In FIWARELab, we recently upgraded from Openstack Icehouse to a Kilo High Availability (HA) deployment. Our approach involved having two simultaneous active Openstack deployments so VMs and volumes could be migrated from one deployment to another with a minimal downtime. More specifically, VMs and volumes were snapshotted and transferred to the Kilo deployment as images where they could be recreated by their users. During this process, we found that, VMs originally created from of CentOS images did not boot properly – their network interface did not come up correctly and the VM was unable to fetch user-metadata.
The root of the issue lies in a standard configuration of CentOS: its device manager (udev) saves a mapping between MAC address and network for security reasons and ensures that the network interface only boots up on that specific MAC address. This mapping is stored in a file which is created when a VM boots for the first time. The file is located in /etc/udev/rules.d/70-persistent-ipoib.rules.
This caused problems when we created a VM from a CentOS snapshot on the new system, Openstack Neutron creates a new network port – consequently a new MAC address is generated – and associates this port with the VM. At boot time, the VM creates a new interface with this new MAC address which is usually down by default. As this interface is down, the VM is unroutable and hence unable to fetch user-metadata even though, from an Openstack perspective, there is a functioning network interface attached to the VM.
In order to solve this, the new system should offer the same MAC address used previously – before taking the snapshot – to the VM. Neutron provides support for this: creating ports with specified MAC addresses that can be attached to the VM using Nova. The following commands show how to create a port with a specified MAC address (and IP address) in Neutron and how to attach that port to the VM:
neutron port-create --fixed-ip subnet_id=<subnet>,ip_address=<ip-address> --mac-address <mac-address> --tenant-id <user-tenant-id>
nova interface-attach --port-id <port-id> <instance-id>
One alternative solution, in case the VM is accessible from the VNC console, is to remove the file mentioned above and reboot the VM. In this case a new file will be created “updating” the mapping of MAC addresses and interfaces so the VM gets the MAC address provided by Openstack.
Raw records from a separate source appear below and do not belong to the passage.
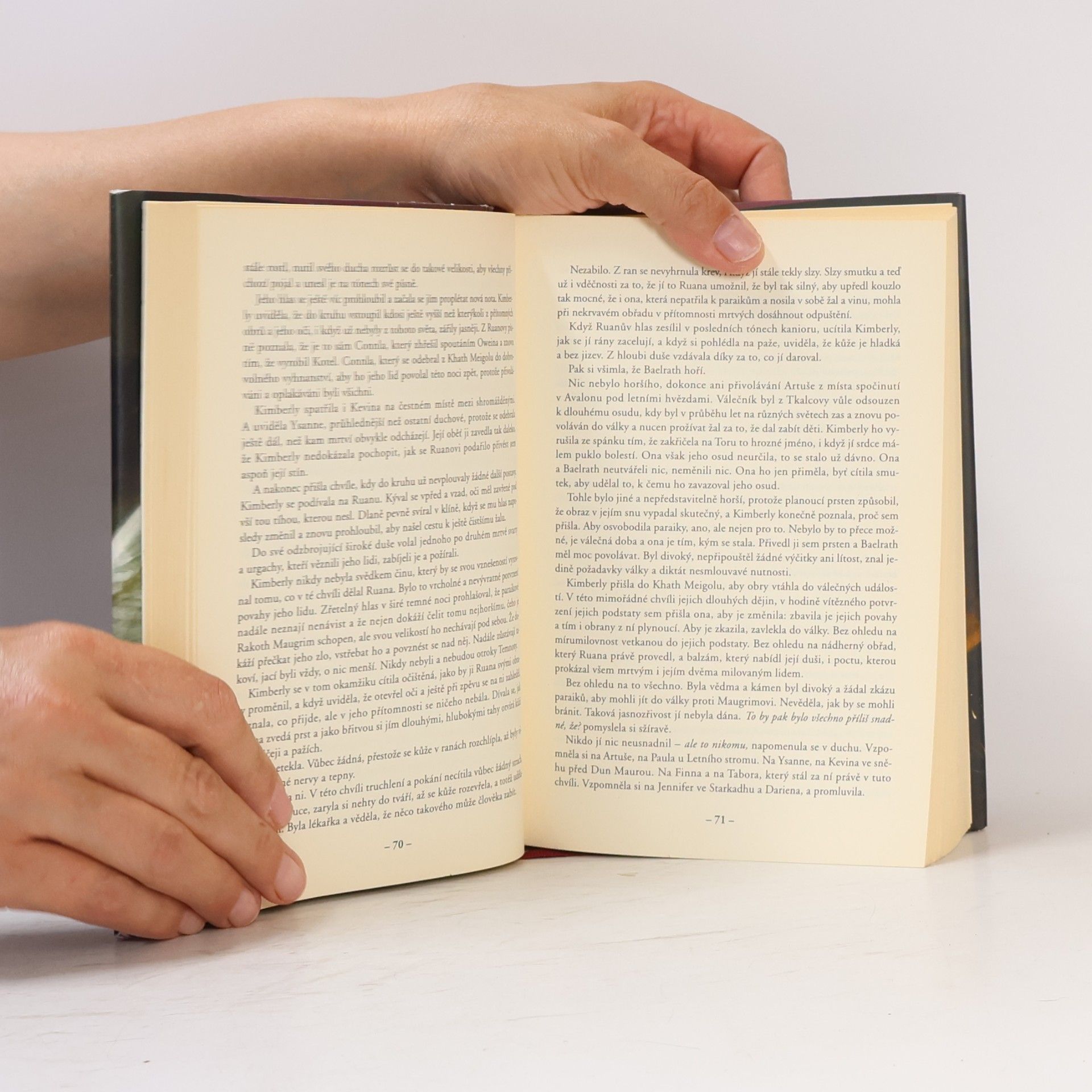 Guy Gavriel Kay Fionavarská tapiserie : Kniha třetí - Nejtemnější cesta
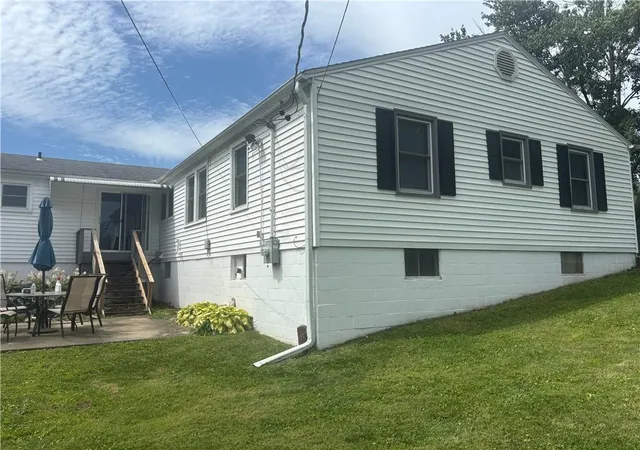 Photo 4 of Single family home for sale at 1309 S 35 Street, Saint Joseph, MO 64507 | MLS# 2632045 | Listing updated on 2026-08-19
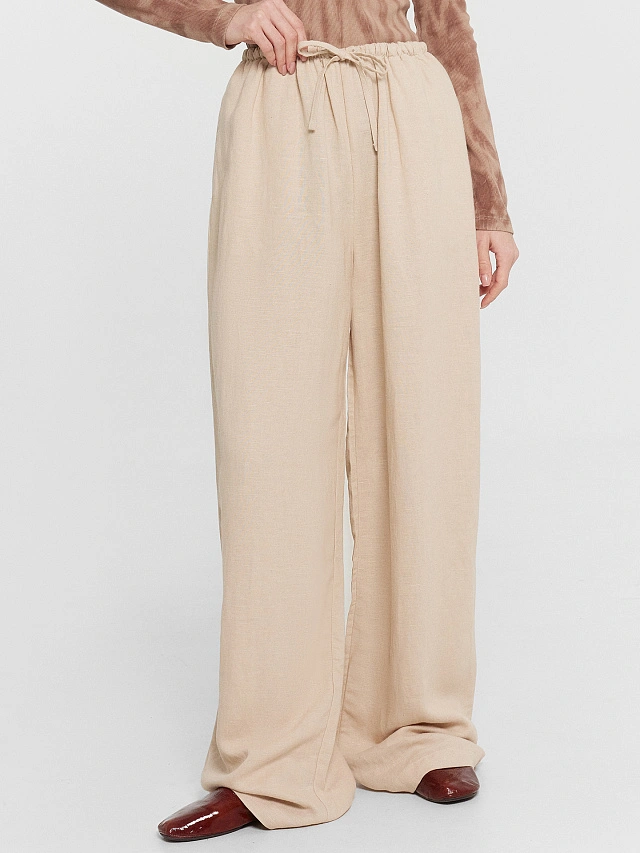 Брюки женские бежевые - 2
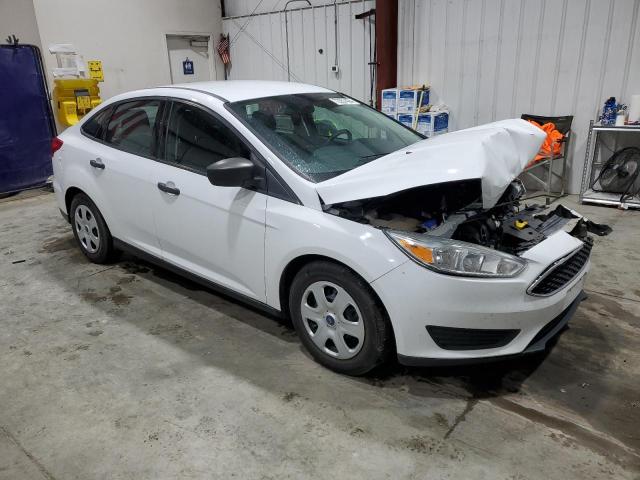 1FADP3E21HL279077 - 2017 FORD FOCUS S WHITE photo 4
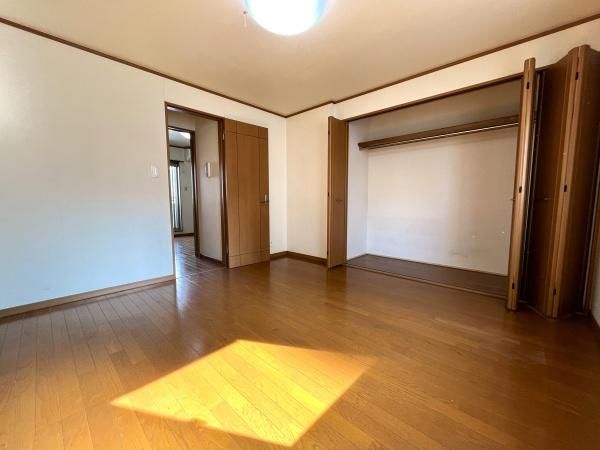 Spacious 3LDK Steel House for Sale in Moriguchi, Osaka - Thumbnail 4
The downside of this approach is that it requires access to the user VM; which most – if not all – cloud operators are not willing to do, unless no options are left. An alternative approach is to mount the VM image using a tool such as mount-image-callback and modify the above file there.
This is a specific issue that arose when performing VM migration between two Openstack deployments. It could also arise in other contexts in which snapshots of CentOS VMs are shared, although in most such cases, the VM users would be able to modify the network configuration. The guest machine was not able to adapt to configuration changes provided by the cloud system which in turn broke the guest machine networking which highlights how the operation of the guest and the underlying platform can often still be closely coupled resulting in unexpected issues.